» WHAT THE EXERCISE ASKS
Return the listing below in full, exactly.

» SOURCE DATA
[Start of Attachment]
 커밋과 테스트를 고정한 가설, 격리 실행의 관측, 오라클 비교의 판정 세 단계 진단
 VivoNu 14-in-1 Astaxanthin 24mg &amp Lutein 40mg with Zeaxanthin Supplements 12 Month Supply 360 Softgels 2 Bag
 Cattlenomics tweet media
[End of Attachment]
» EXERCISE SOLUTION
 커밋과 테스트를 고정한 가설, 격리 실행의 관측, 오라클 비교의 판정 세 단계 진단
 VivoNu 14-in-1 Astaxanthin 24mg &amp Lutein 40mg with Zeaxanthin Supplements 12 Month Supply 360 Softgels 2 Bag
 Cattlenomics tweet media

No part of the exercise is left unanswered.